Wednesday, July 13, 2011


This is what I wrote in 2005 about the villain (Mike) of my fourth novel, FATAL GREED:

Mike spent the following week revisiting the coin dealers he had contacted … and gave them individual lists of gold coins he wished to purchase, figuring that with gold at three hundred dollars an ounce, for seven hundred thousand dollars he would have to purchase about two thousand four hundred gold coins, weighing approximately seventy kilos in total.

Mike planned to hide the coins on board his yacht and leave England for Costa Rica where he figured he’d chill out for a while.GOLD AT $300 AN OUNCE – SIX SHORT YEARS AGO!Today it’s above $1,500.

So what happened?
The US Treasury started printing money like crazy, that’s what happened.

The idea behind this move is the belief that printing more money would help the US to finance itself out of the present economic crisis.

Problem is that the oil-producing nations have begun thinking seriously about not accepting US Dollars anymore in payment for their petroleum products.

In other words, the US Dollar is in danger of losing its status as the currency of international debt settlement. Instead Europe, Russia and China are proposing a ‘basket’ of currencies which they might call the ‘Banko’ with which they intend to replace the petro-dollar.

And when this happens, watch out – gold will shoot up to US $3,000 per ounce.

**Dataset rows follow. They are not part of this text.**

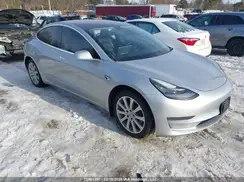 5YJ3E1EAXJF095823 2018 TESLA MODEL 3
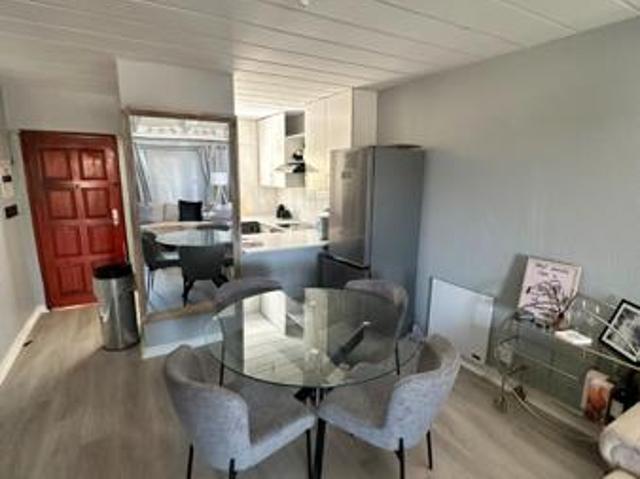 Apartment for rent in Waterkloof, Gauteng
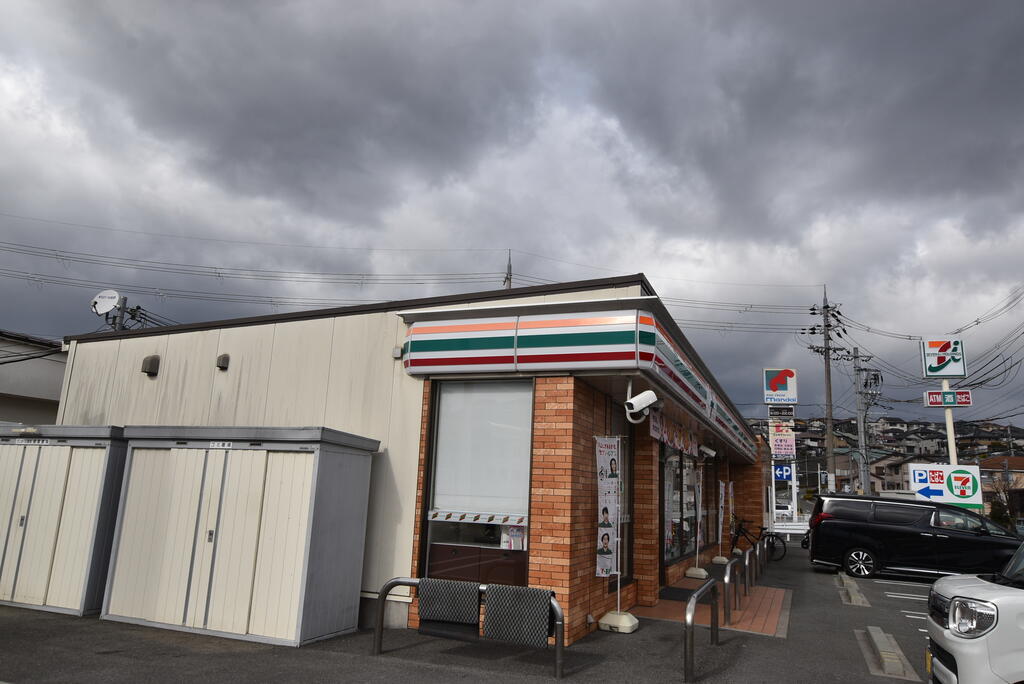コンビニ　セブンイレブン香芝穴虫店（コンビニ）まで845m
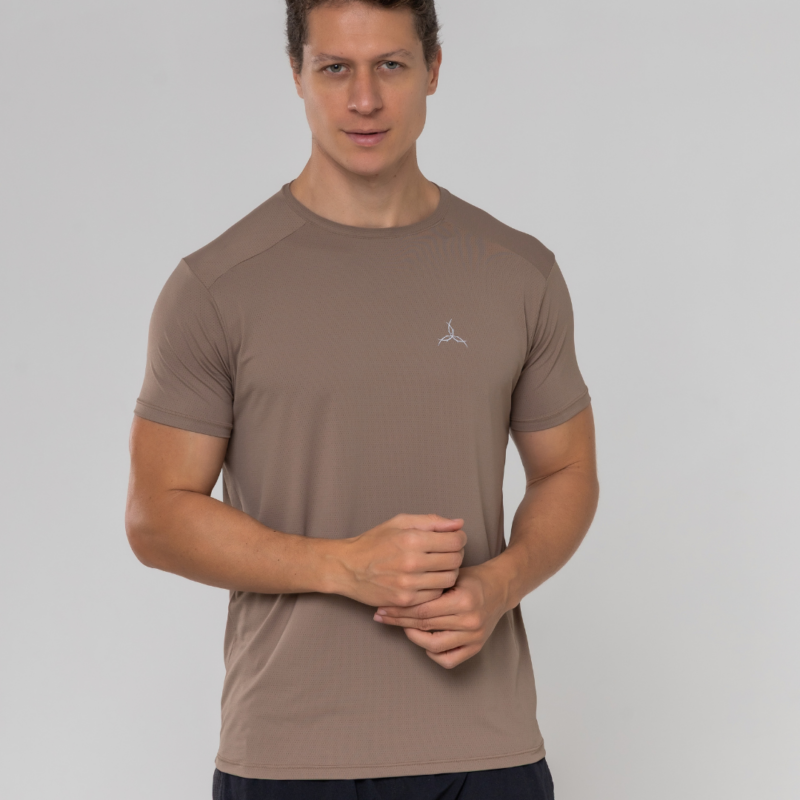 CAMISETA BÁSICA TECH FRESH MASCULINA – MARROM CLARO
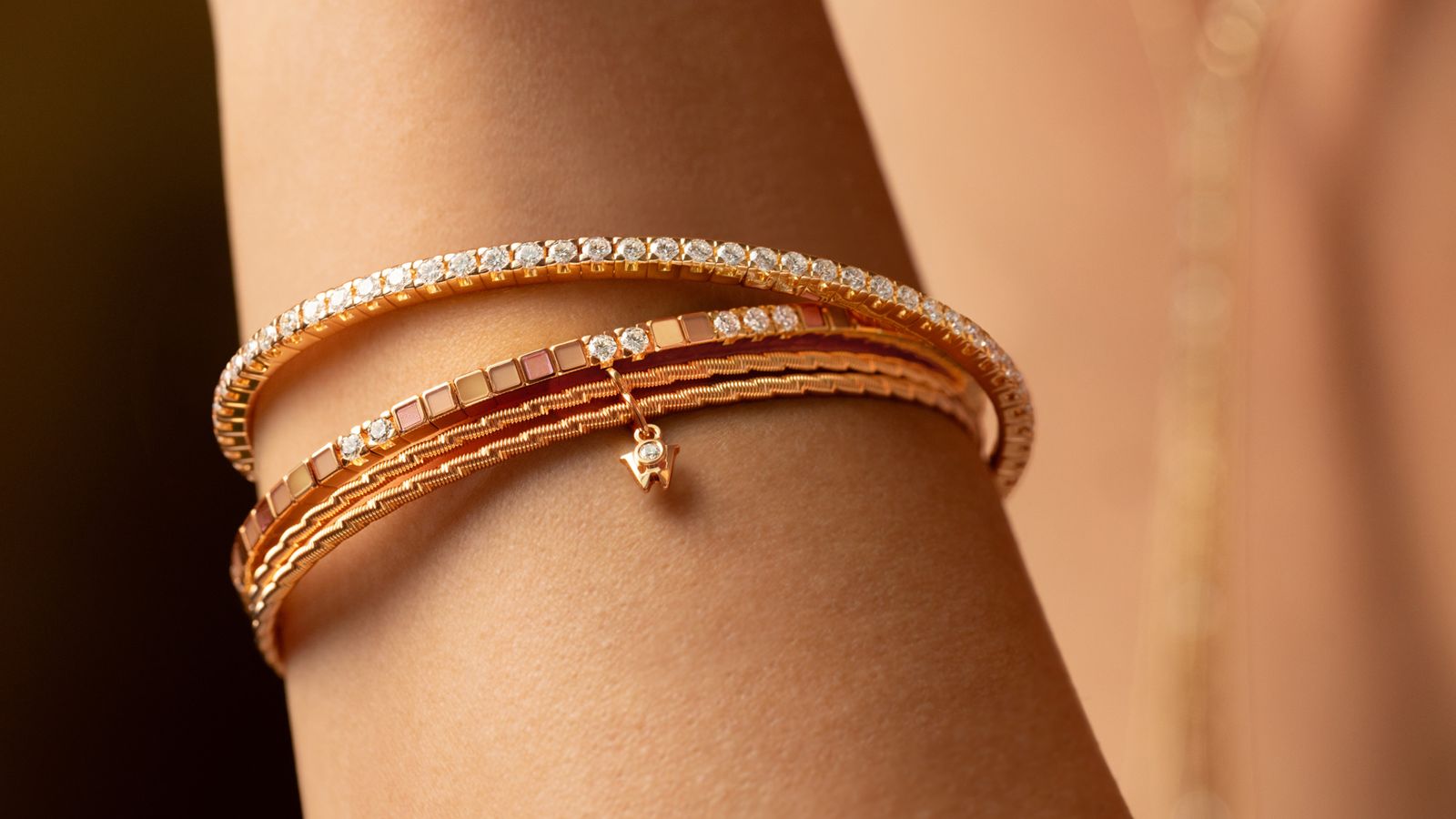 Armband UMARME MICH Mein Glück nude edel getragen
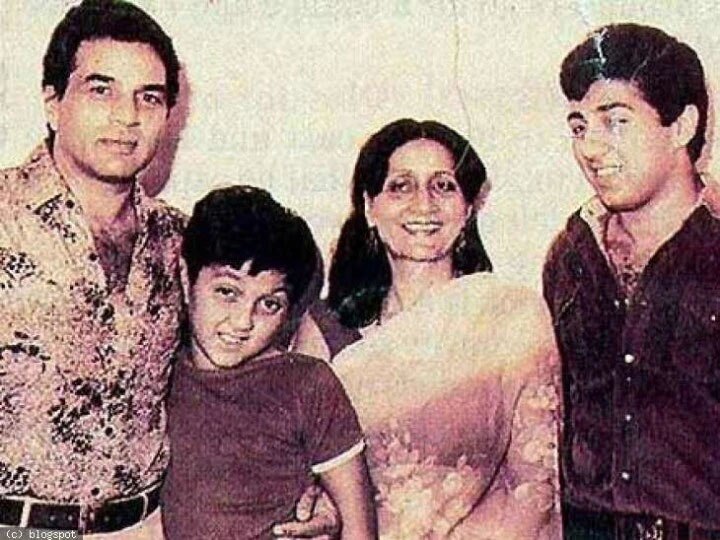 धर्मेंद्र हेमा मालिनी से के बाद को प्रबंधक ने 'वायमन वायुयान', परिवार ने कहा था- वह भी जैसा ही था।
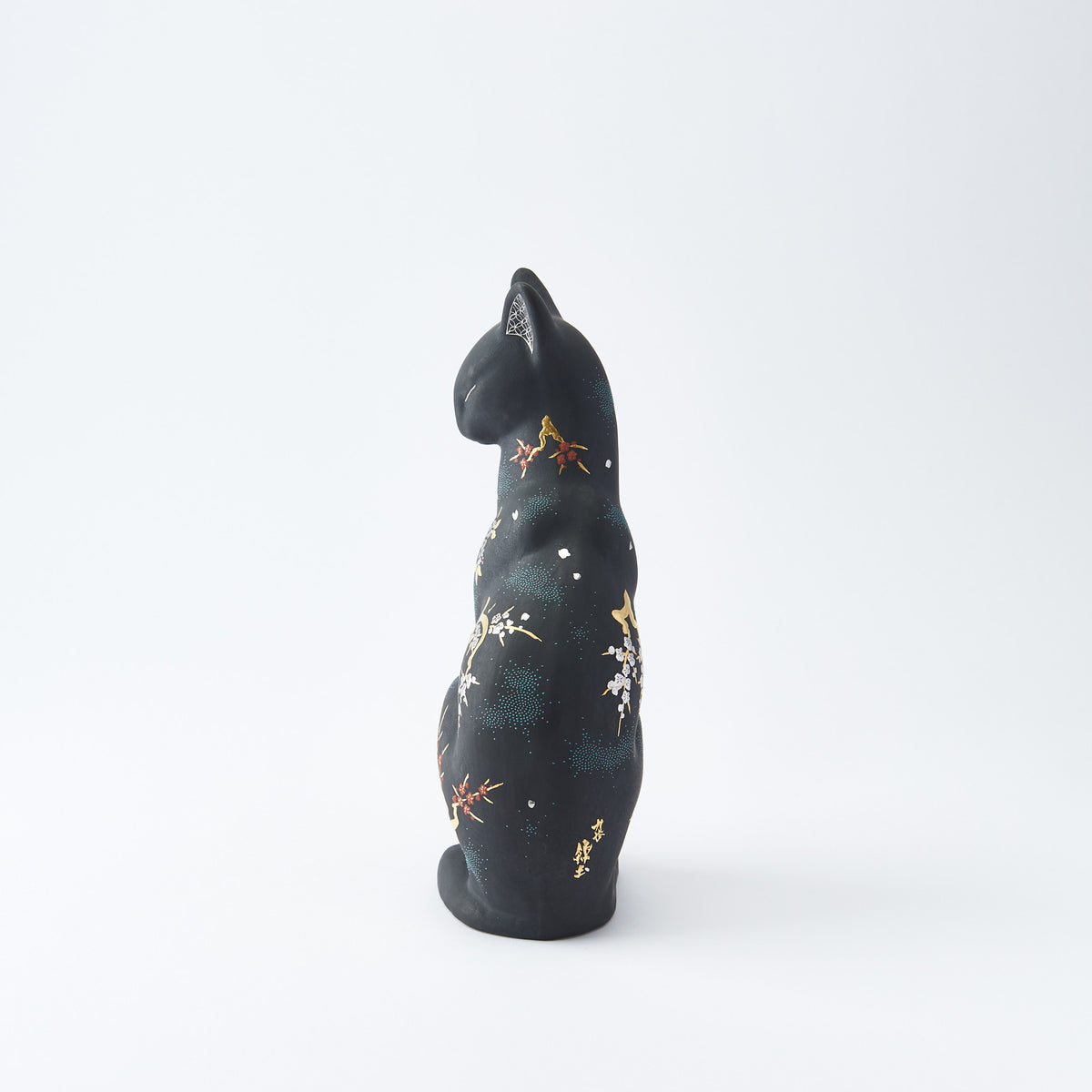 Morikin Aochibu Perserkatzenfigur nach links blickend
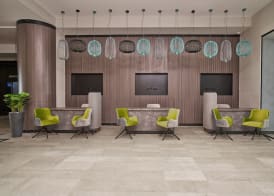 Hotel Holiday International 2
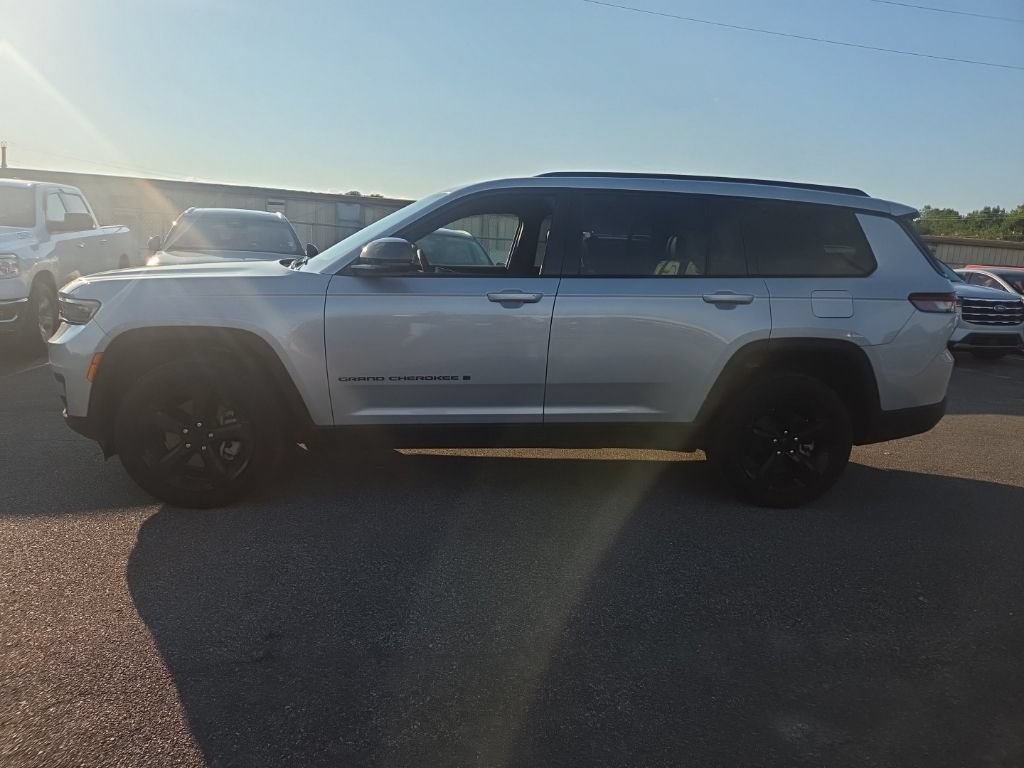 Used 2024 Jeep Grand Cherokee L Altitude RWD image 5
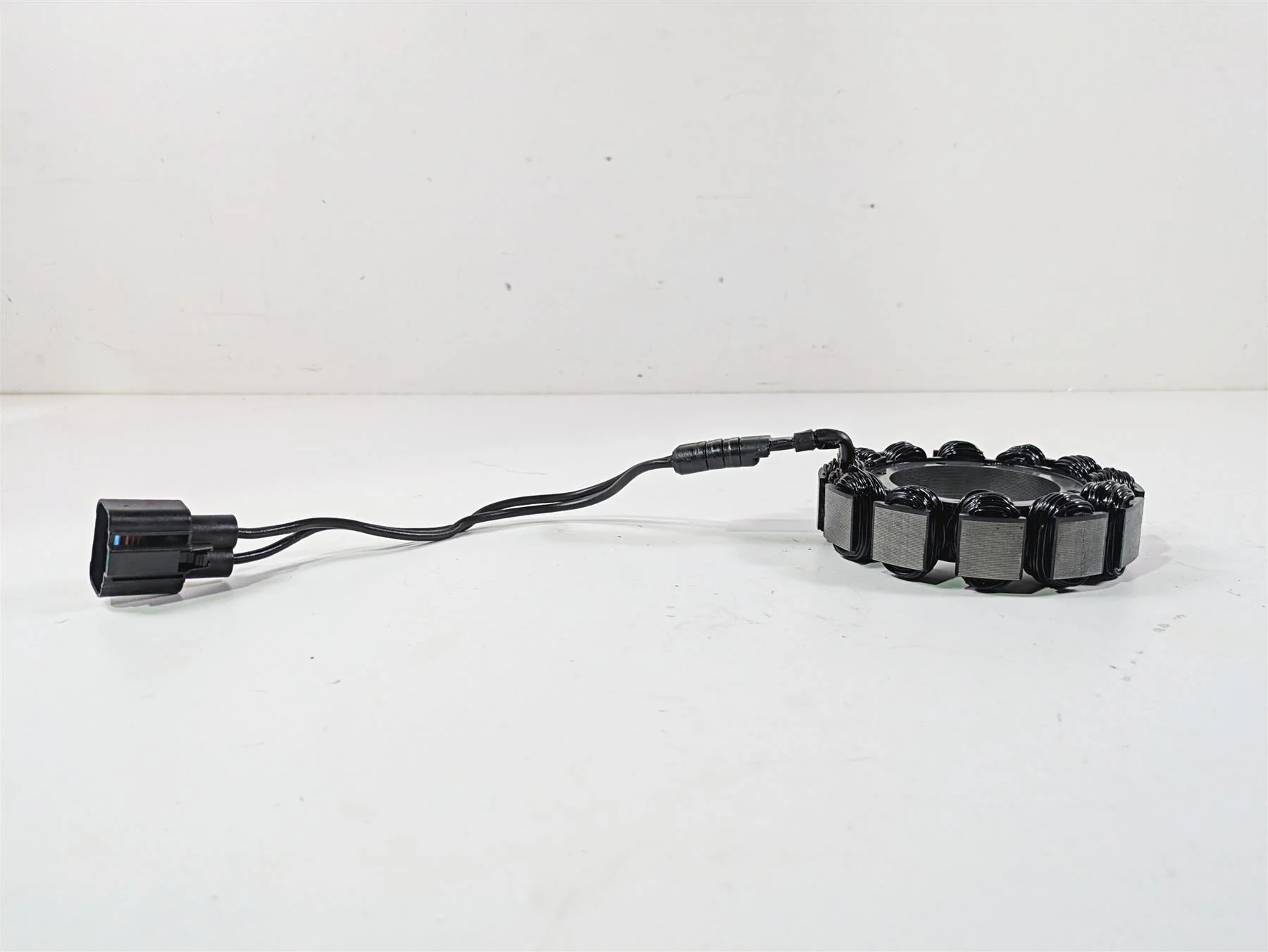 1998 Harley Touring FLHRCI Road King Ignition Alternator Stator 29987-97B - Image 3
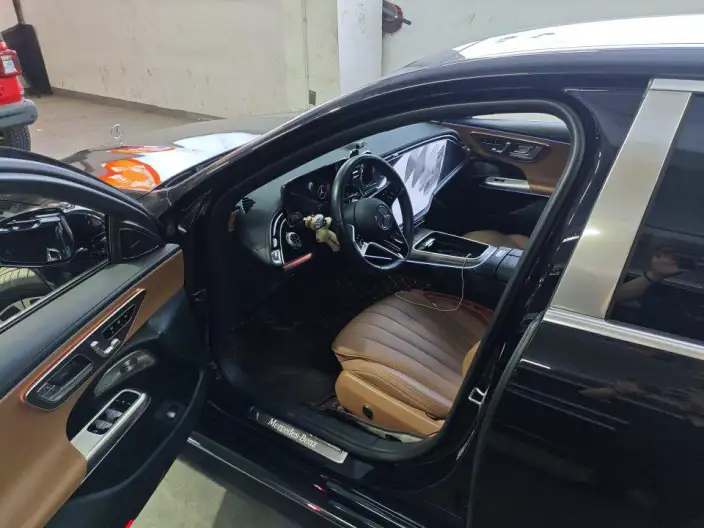 Mercedes-Benz E-Class 2024 Model E 300 L Luxury Model sedan – фото 7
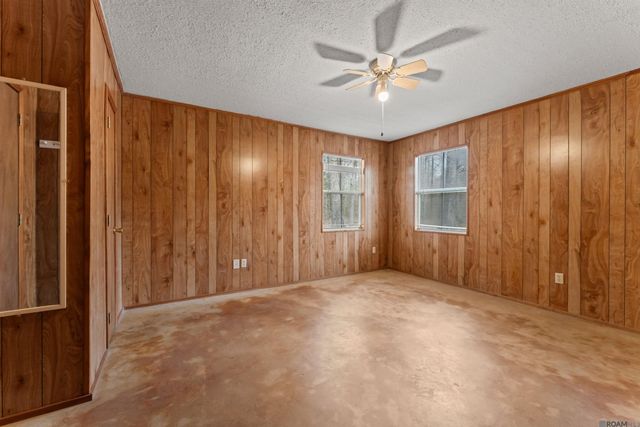 804 Lemon B Rd, Slaughter, LA 70730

The rush for gold is already on. People are concerned about the economic uncertainty to the point where they want to hold the metal itself, not the certificates.

Which means that the places where you can leave your metal for safekeeping are becoming more and more hard to find.

As if all this were not bad enough, let me tell you the following story:

A jeweler’s heirs are fighting the United States government for the right to keep a batch of rare and valuable “Double Eagle” $20 coins that date back to the Franklin Roosevelt administration.

Philadelphian Joan Langbord and her sons say they found the 10 coins in 2003 in a bank deposit box kept by Langbord’s father, Israel Switt, a jeweler who died in 1990. But when they tried to have the haul authenticated by the U.S. Treasury, the feds, um, flipped.
Source: Yahoo

More from the Associated Press:

Treasury officials charge that the never-circulated “double eagles” were stolen from the U.S. Mint in Philadelphia in 1933. They could be worth $80 million or more, given that one sold for nearly $7.6 million in 2002.

The coins come from a batch that were struck but melted down after President Franklin D. Roosevelt took the country off the gold standard in 1933.

Two were preserved for the Smithsonian Institute. But a handful more mysteriously got out.
The daughter and grandsons of Israel Switt, a jeweler and scrap metal dealer on nearby Jeweler’s Row, say they discovered 10 of them in his bank deposit box in 2003.

Joan Langbord of Philadelphia and her sons went to the U.S. Treasury to authenticate the coins, but the government instead seized them. Authorities noted that the box was rented six years after Switt died in 1990, and that the family never paid inheritance taxes on them.

What’s more, the Secret Service has long believed Switt and a corrupt cashier at the Mint were somehow involved in the double-eagle breach.

While the Treasury’s position is understandable with regards to the coins being stolen, unless they have direct evidence of these specific coins being linked to theft and Switt’s involvement (which is circumstantial at best) then these coins belong to the Langbord family.